At the world’s most important computer graphics conference of the year, SIGGRAPH, Lenovo is launching a couple now high-powered workstations aimed specifically at this market. Formerly known as the W-Series, the new generation of workstations will be launched as the P-Series, to unify the naming between the desktop and mobile products.
Next-Gen CPU and GPU
Inside, users will find the latest chips. This launches with the Intel Xeon for laptops (model E3-1500M Intel Core Gen6), a newcomer for this specific branch of the Intel processor family. We haven’t seen any independent benchmarks yet, but we’re looking forward to seeing if the results will live up to the Xeon name. The CPU can access up to 64GB of DDR4 RAM memory (4 slots).
NVIDIA will provide the graphics processor (GPU) with a Quadro chip, which is designed specifically for CAD and compute workloads. Beyond the hardware, it is the drivers which are certified by major CAD software vendors that would justify the cost over a regular consumer GPU.
Plenty of storage options
Since the workstations are not really slim by today’s standards (they occupy a volume not unlike a 17-inch MacBook Pro from some years ago…), there is ample space for storage options:
- 2x m.2 SSD bay (PCI gen3x4)
- 1x 2.5” HDD bay
- 1x optical drive, convertible to a second 2.5” HDD bay
That’s a potential 3TB in the system, which can be configured in RAID if the user wants to. I haven’t seen all the RAID options, but I’ll assume that most are supported given how mature this technology is.
In appearance, the Lenovo P70 looks pretty much like a large Thinkpad. It uses the same kind of magnesium casing and black surface treatment typical of that line of product and seen on many other “business” laptops. It’s a very sturdy surface, according to my own experience with the Lenovo Carbon X1.
The keyboard is also typical of the Thinkpad line of product. It is one of the most comfortable designs in the laptop industry, and the slight curve of the keys, the spacing, the touch is just excellent. I wish that Lenovo could use this on all their laptops, but this design needs just a little more depth, so the consumer Yoga line can’t really accommodate it, at least for now.

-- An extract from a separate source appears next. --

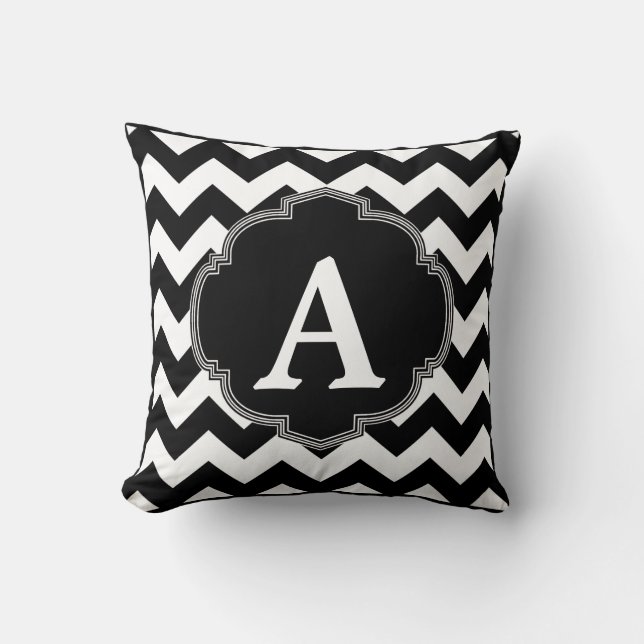 Black White Chevron Monogram Kussen (Voorkant)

If you are observant, you may see a 3 button clickpad. This only available on workstations, most likely because many CAD software come from the Linux world, which has 3 buttons. On the extreme right, there’s a touch fingerprint sensor, which should be many times more accurate than the swiping one.

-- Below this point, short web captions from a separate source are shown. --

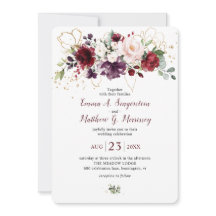 Noivado Floral Bege Dourado Vinho Tinto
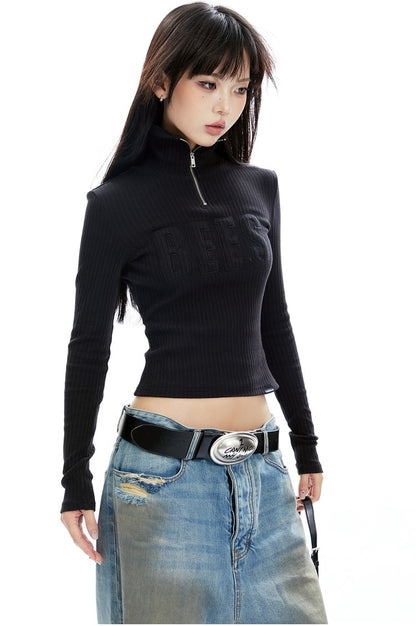 Ribbed Turtleneck Long Sleeve Top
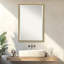Miroir mural de salle de bain incliné en bois doré et biseauté Incline-118340225-120835491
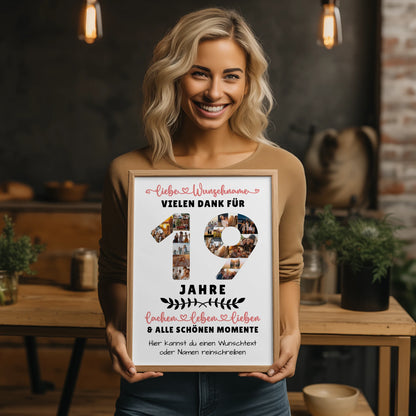 Personalisiertes Poster 19 Geburtstag Für Sohn Tochter Schwester Bruder Neffe & Nichte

Optionally, some models come with an integrated color calibrator. It’s an optical sensor that can be used by simply closing the lid and running the calibration app, which will calibrate the screen automatically to the chosen Pantone color space. LCD display colors do shift over time, so this keeps them accurately easily calibrated. Lenovo has been doing this for over 5 years now, but it’s worth pointing out.
It is worth noting that both the P70 and P50 have passed some mil-spec certification, and can be thought of being extremely durable, although I wouldn’t use the term “rugged” without knowing exactly which certification they passed.
The P70 comes with displays going from a regular FHD LCD 1080p panel to an IPS version, to a 4K 3840×2160 screen, depending on what you order.
I’ve seen the 4K IPS version in person, and it looked great. Typically most high-end workstations come with some of the best displays. They can also be a bit brighter or have a better consistency because it’s OK to be just a little thicker than the consumer models.
Not surprisingly, such a large computer has ample room for ports, so here are the important ones:
- 4x USB Type A (1 always-on charging)
- 2x USB Type C, which are used for Thunderbolt 3 as well. Two because input for capture device and export to storage or monitor.
- 1x HDMI 1.4
- 1x Mini DisplayPort™ 1.2
- 1x RJ45 Gigabit Ethernet
- 1x ExpressCard / 34 mm (to keep compatibility in the manufacturing space)
The Lenovo ThinkPad P70’s size is 416 x 275.5 x 31.5 mm, and it weighs 7.5 Lbs (3.4 Kg), so it’s very substantial in a backpack. It has a 96Wh battery, but since the maximum computational load can be very high, I don’t think that most users will not be far from an outlet.
At 377.4 x 252.3 x 25.9 mm for 5.6 Lbs, the 15.6-inch Lenovo P50 is much more comfortable to carry around as the P70 while retaining most of the same capabilities, minus a few ports, some screen real-estate and a larger battery.